◆ DATA RECORDS

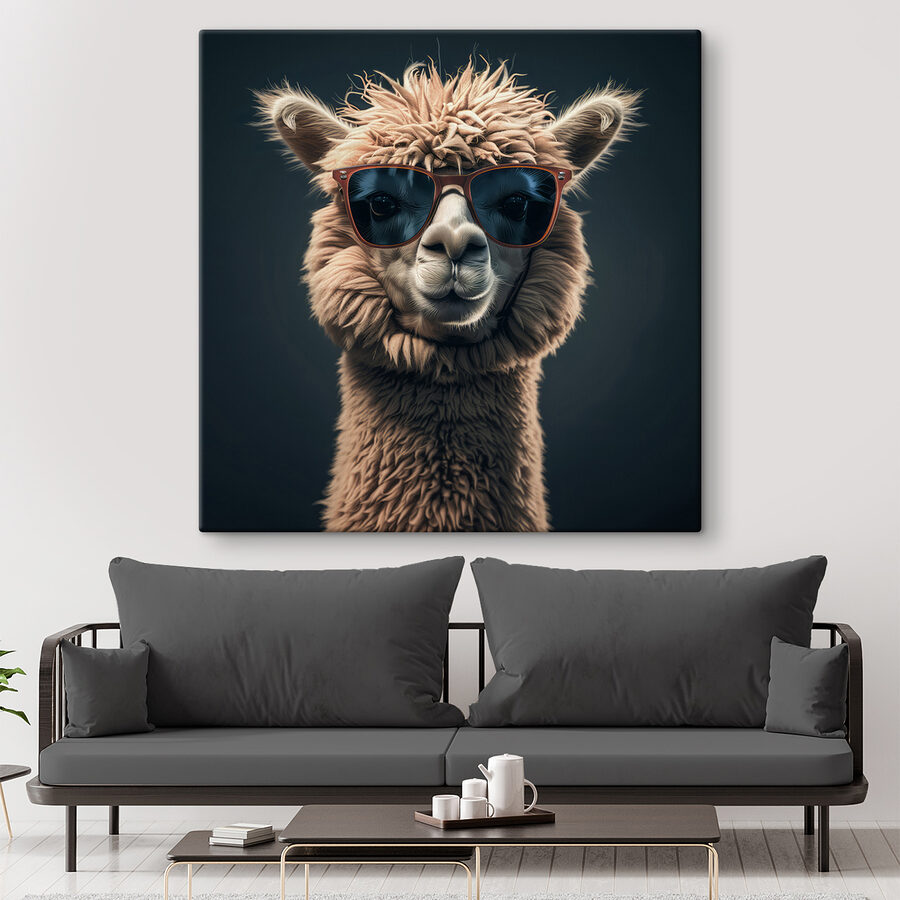 Lama portant des lunettes de soleil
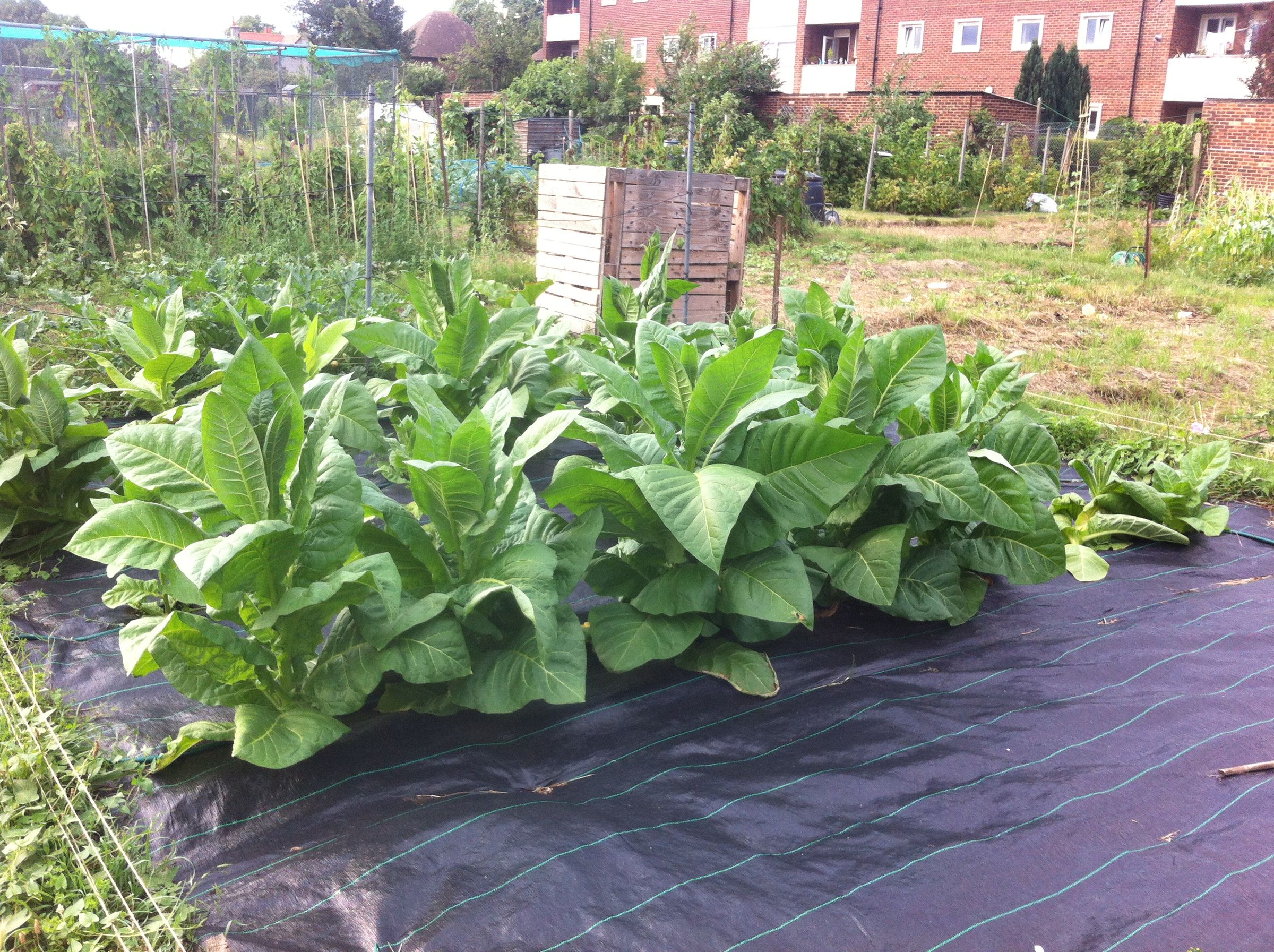 Growing Tobacco 6 Steps (with Pictures) Instructables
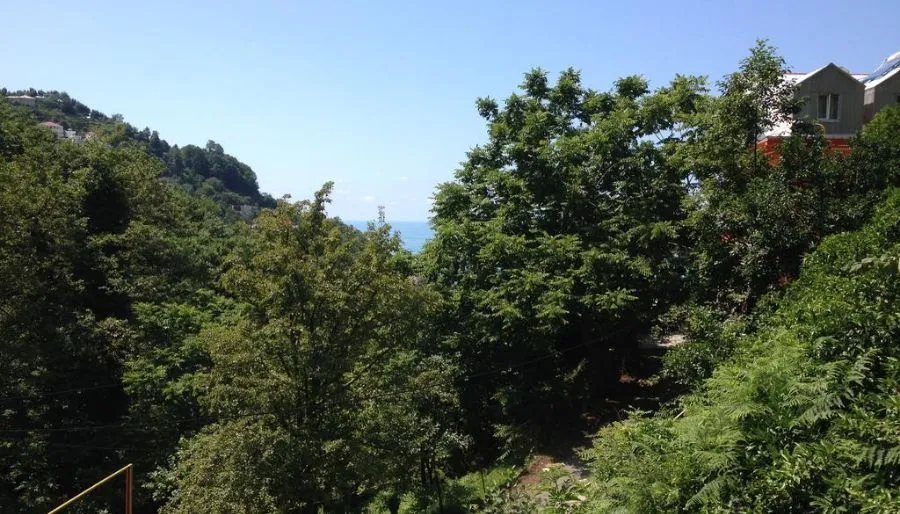 როიალ ჰაუს — ფოტო 2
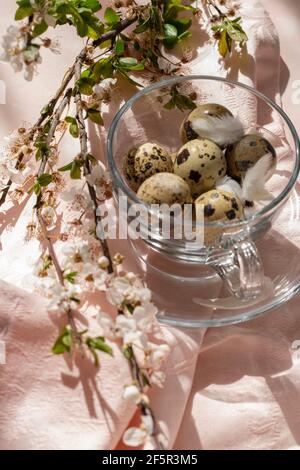 Easter decorations - quail eggs in a tea cup on the table, with blossom plum branch Stock Photo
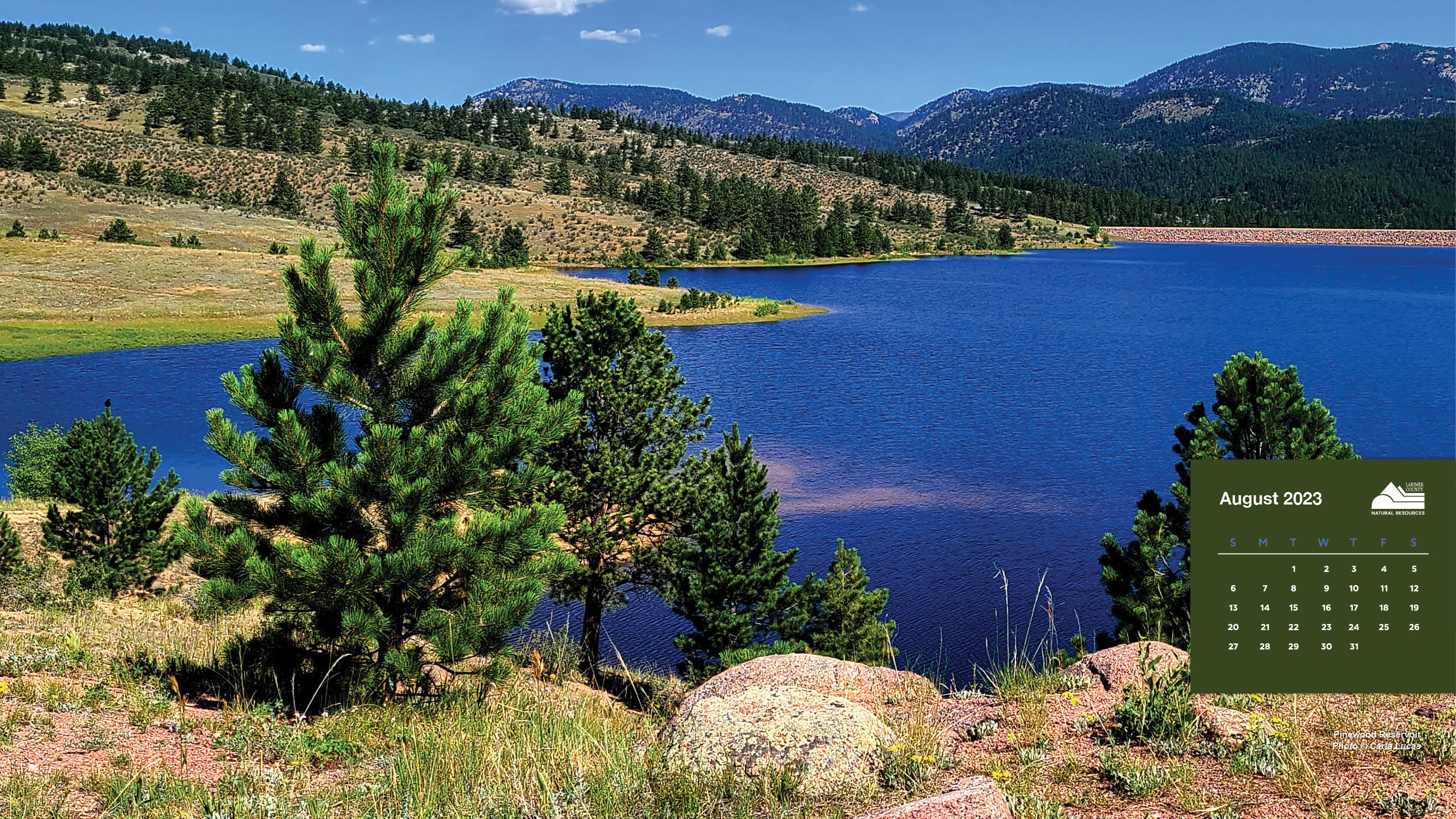 Image 8: Pinewood Reservoir, August 2023; Carla Lucas
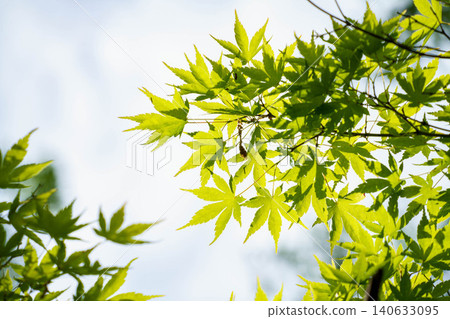Fresh green leaves bathed in sunlight Fresh green leaves bathed in sunlight 140633095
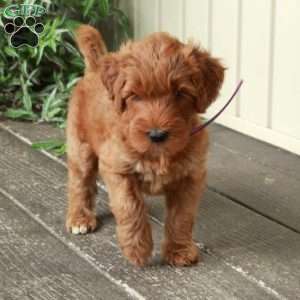 Dahlia, Goldendoodle Puppy
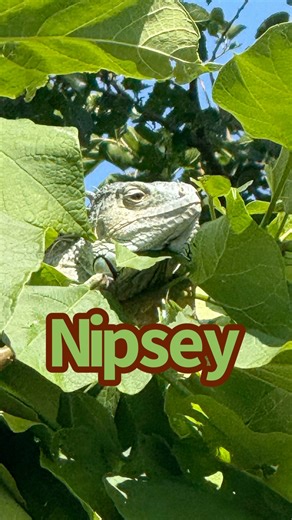 A little out of the ordinary #animalrescue this morning. After a string of cat jumpers I was happy for the change. #Nipsey the 4 year old #iguana busted out the window screen 4 nights ago and had been up in this janky catalpa tree ever since. #treeclimbing | Duane Hook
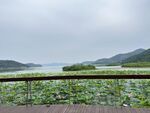 宁波东钱湖荷花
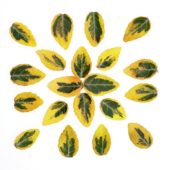 Euonymus leaves
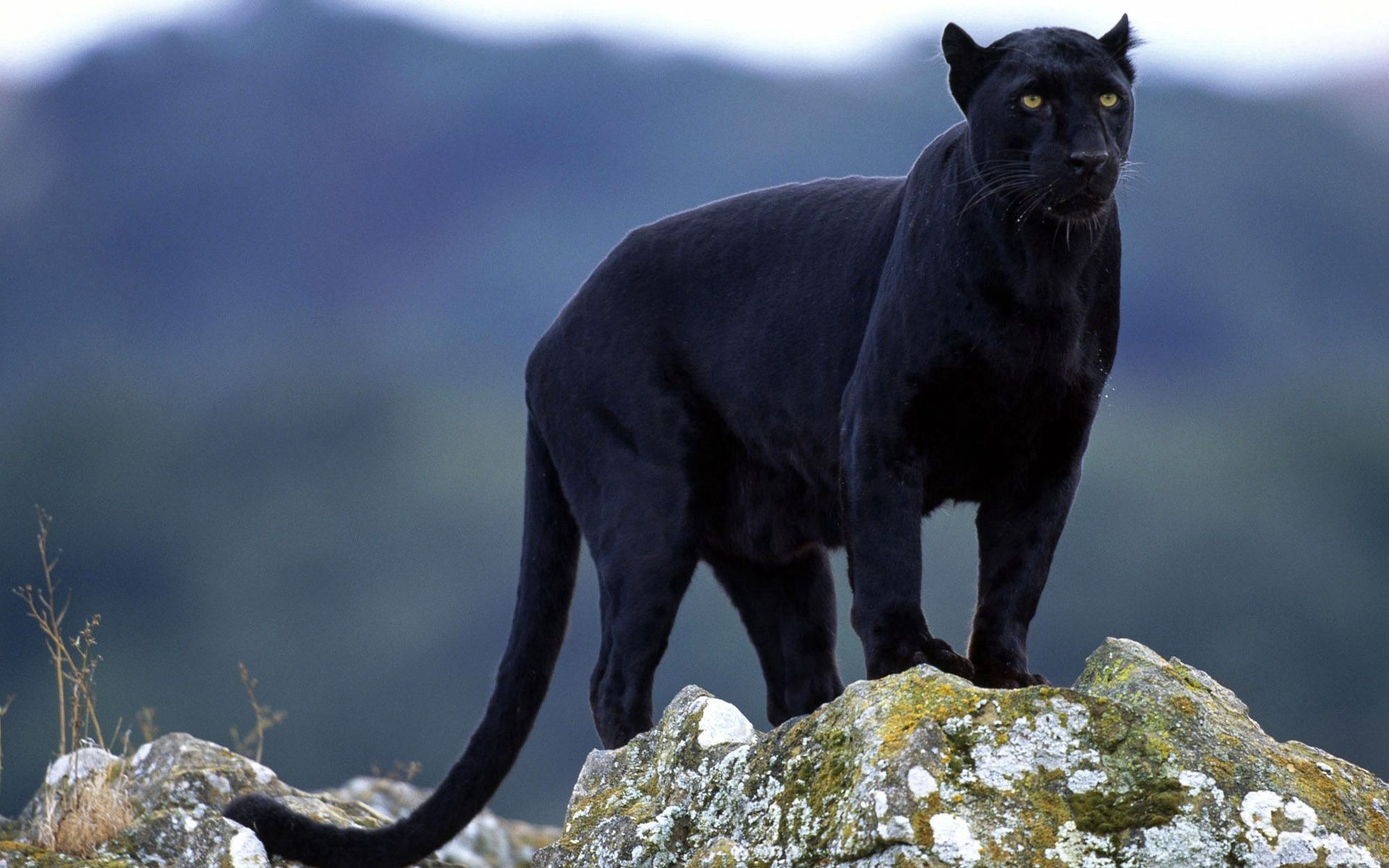 panther, animals, stones, big cat, color, moss wallpaper for mobile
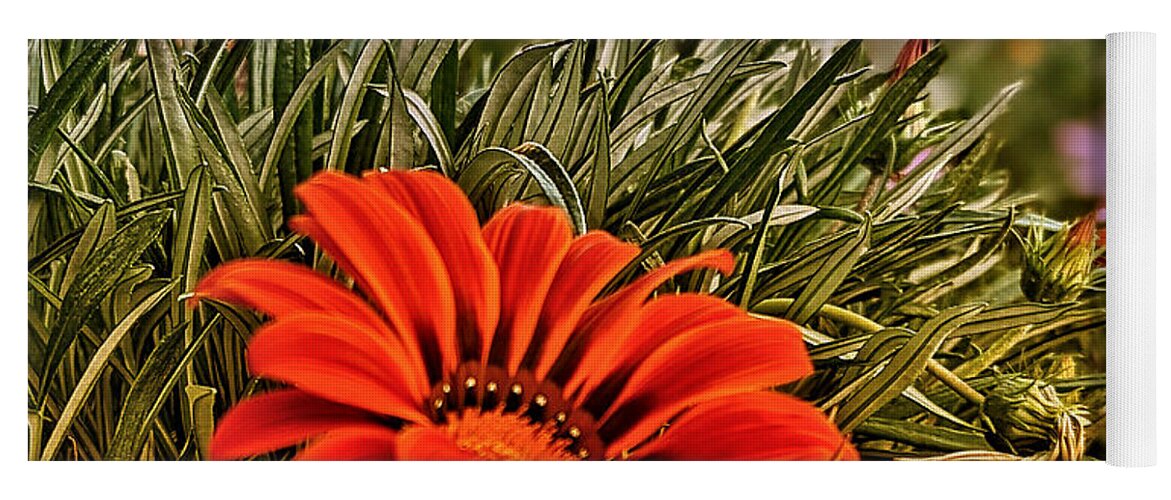 Flower Yoga Mat featuring the photograph Spring Orange Flowers by Dave Zumsteg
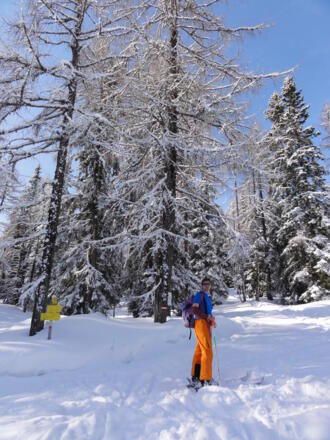 Abzweigung von der Piste zur Burgstalleralm (1570 m) 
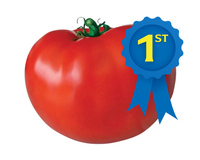 Original Blue Ribbon Hybrid Tomato Seeds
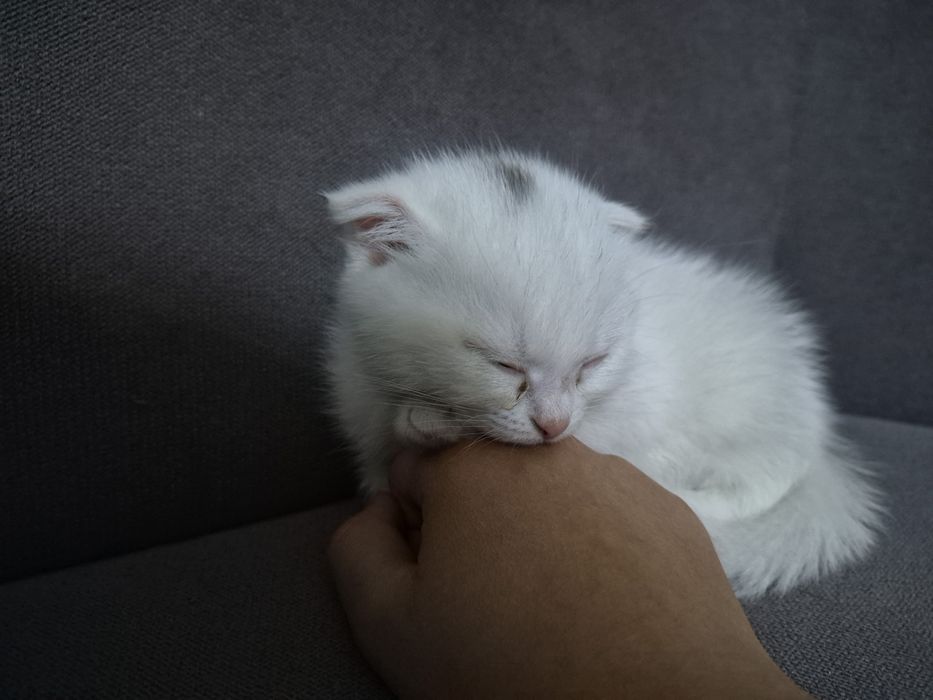 Котенок.Скоттиш Фолд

◆ HOW TO COMPLETE THIS TASK
The lines to be transcribed are those from the first line of the data above through the line holding "Flower Yoga Mat", inclusive; copy them exactly and only, leaving out the pictures.

◆ TASK RESULT
 Lama portant des lunettes de soleil
 Growing Tobacco 6 Steps (with Pictures) Instructables
 როიალ ჰაუს — ფოტო 2
 Easter decorations - quail eggs in a tea cup on the table, with blossom plum branch Stock Photo
 Image 8: Pinewood Reservoir, August 2023; Carla Lucas
Fresh green leaves bathed in sunlight Fresh green leaves bathed in sunlight 140633095
 Dahlia, Goldendoodle Puppy
 A little out of the ordinary #animalrescue this morning. After a string of cat jumpers I was happy for the change. #Nipsey the 4 year old #iguana busted out the window screen 4 nights ago and had been up in this janky catalpa tree ever since. #treeclimbing | Duane Hook
 宁波东钱湖荷花
 Euonymus leaves
 panther, animals, stones, big cat, color, moss wallpaper for mobile
 Flower Yoga Mat featuring the photograph Spring Orange Flowers by Dave Zumsteg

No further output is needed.